» What is required: Look below and pull out each line with the word "Brown".
= = =
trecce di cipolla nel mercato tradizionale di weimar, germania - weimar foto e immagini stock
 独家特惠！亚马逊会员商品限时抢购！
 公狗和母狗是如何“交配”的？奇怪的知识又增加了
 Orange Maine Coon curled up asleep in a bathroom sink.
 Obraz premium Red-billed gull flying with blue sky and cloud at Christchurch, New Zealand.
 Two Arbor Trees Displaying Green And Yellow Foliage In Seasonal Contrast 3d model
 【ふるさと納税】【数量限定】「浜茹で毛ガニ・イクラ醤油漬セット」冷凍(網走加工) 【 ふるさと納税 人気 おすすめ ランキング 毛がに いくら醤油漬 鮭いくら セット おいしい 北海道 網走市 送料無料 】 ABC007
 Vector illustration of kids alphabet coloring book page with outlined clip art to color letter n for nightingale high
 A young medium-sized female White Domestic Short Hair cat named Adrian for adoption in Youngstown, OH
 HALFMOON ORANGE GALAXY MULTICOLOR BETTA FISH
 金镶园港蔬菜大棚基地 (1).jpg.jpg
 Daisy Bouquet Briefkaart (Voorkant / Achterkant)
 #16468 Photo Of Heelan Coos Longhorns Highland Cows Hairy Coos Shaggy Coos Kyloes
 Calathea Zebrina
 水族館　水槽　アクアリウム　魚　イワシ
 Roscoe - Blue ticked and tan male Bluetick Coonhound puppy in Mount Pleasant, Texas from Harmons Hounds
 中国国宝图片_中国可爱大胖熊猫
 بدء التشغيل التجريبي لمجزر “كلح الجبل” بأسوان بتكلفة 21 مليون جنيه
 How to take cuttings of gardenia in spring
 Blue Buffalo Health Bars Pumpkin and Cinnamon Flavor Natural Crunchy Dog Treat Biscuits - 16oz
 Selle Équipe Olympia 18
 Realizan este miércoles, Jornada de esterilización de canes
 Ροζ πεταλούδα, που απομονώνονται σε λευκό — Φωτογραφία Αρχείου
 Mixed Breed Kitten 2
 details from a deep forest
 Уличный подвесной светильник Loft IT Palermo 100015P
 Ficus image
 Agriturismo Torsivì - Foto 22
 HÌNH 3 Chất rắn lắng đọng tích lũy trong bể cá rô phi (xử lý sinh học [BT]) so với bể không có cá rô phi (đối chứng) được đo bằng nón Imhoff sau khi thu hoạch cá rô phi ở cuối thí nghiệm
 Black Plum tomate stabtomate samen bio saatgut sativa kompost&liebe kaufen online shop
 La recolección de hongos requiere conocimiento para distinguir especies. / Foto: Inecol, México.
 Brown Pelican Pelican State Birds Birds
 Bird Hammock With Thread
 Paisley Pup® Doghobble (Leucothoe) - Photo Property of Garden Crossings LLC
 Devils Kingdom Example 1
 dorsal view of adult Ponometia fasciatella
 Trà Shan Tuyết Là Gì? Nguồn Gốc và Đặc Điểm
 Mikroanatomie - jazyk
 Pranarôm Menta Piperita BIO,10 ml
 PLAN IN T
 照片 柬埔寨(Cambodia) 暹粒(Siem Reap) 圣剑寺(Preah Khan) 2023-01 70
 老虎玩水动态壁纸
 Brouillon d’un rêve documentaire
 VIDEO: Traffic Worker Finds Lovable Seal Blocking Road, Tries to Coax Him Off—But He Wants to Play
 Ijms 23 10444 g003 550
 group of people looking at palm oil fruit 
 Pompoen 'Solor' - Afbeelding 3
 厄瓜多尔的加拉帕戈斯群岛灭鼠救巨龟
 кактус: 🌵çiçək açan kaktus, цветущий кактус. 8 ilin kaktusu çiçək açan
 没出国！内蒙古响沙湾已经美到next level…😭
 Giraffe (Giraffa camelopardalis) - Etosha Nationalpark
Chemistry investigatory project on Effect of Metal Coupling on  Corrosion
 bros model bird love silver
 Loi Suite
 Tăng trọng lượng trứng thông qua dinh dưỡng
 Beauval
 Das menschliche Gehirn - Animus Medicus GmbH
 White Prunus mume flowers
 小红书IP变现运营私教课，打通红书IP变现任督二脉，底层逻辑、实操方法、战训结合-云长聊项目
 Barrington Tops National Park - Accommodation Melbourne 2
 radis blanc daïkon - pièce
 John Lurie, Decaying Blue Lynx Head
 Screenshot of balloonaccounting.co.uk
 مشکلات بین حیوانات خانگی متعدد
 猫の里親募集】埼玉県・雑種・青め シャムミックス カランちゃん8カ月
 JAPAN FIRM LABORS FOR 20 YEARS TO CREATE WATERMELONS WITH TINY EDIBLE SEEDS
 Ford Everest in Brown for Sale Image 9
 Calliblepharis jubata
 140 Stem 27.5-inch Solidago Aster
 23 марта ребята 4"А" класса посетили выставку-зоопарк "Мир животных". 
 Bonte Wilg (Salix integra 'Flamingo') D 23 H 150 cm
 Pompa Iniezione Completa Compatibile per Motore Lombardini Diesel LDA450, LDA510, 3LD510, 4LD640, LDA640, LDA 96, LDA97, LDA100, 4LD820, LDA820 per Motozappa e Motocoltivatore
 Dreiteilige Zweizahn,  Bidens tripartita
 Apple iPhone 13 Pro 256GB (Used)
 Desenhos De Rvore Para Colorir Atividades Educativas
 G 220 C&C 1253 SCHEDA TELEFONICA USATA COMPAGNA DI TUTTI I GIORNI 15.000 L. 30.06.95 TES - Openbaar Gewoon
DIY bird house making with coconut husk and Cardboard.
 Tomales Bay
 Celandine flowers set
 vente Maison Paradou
= = =
» Problem solution:
 Brown Pelican Pelican State Birds Birds
 Ford Everest in Brown for Sale Image 9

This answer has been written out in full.